For this exercise, retype the lines from the one that holds "СМИ: Индия потребовала" through the one that holds "Simplicity 557027 Gasket Set-Valve - image 5" in the records below, both included, exactly and without pictures.

### Given data
-- Opening Marker --

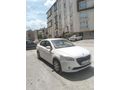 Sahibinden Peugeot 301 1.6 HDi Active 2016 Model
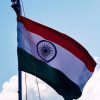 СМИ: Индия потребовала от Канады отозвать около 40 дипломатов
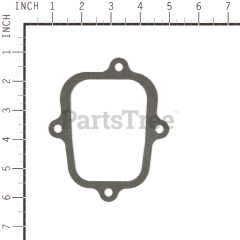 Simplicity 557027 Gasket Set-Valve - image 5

-- Closing Marker --
-- Opening Marker --

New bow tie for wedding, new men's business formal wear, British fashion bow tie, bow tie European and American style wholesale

-- Closing Marker --
-- Opening Marker --

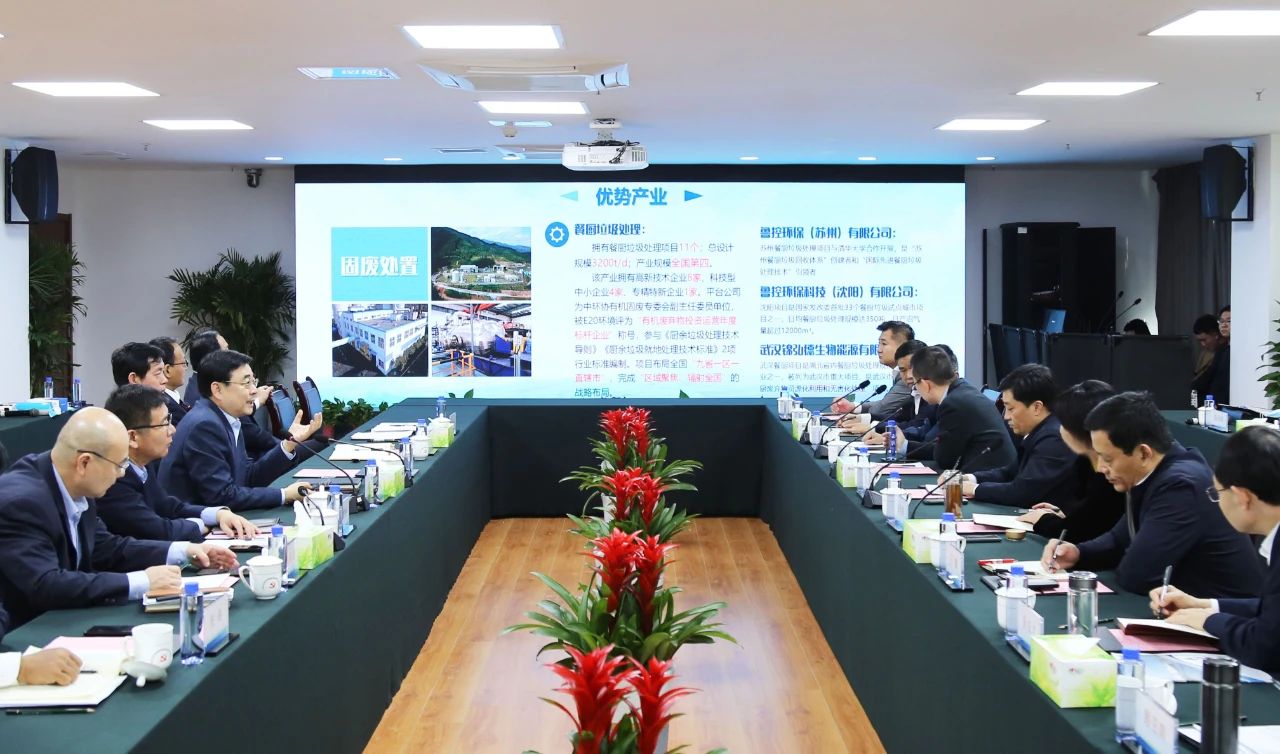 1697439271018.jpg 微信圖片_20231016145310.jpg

-- Closing Marker --

### Exercise response
 СМИ: Индия потребовала от Канады отозвать около 40 дипломатов
 Simplicity 557027 Gasket Set-Valve - image 5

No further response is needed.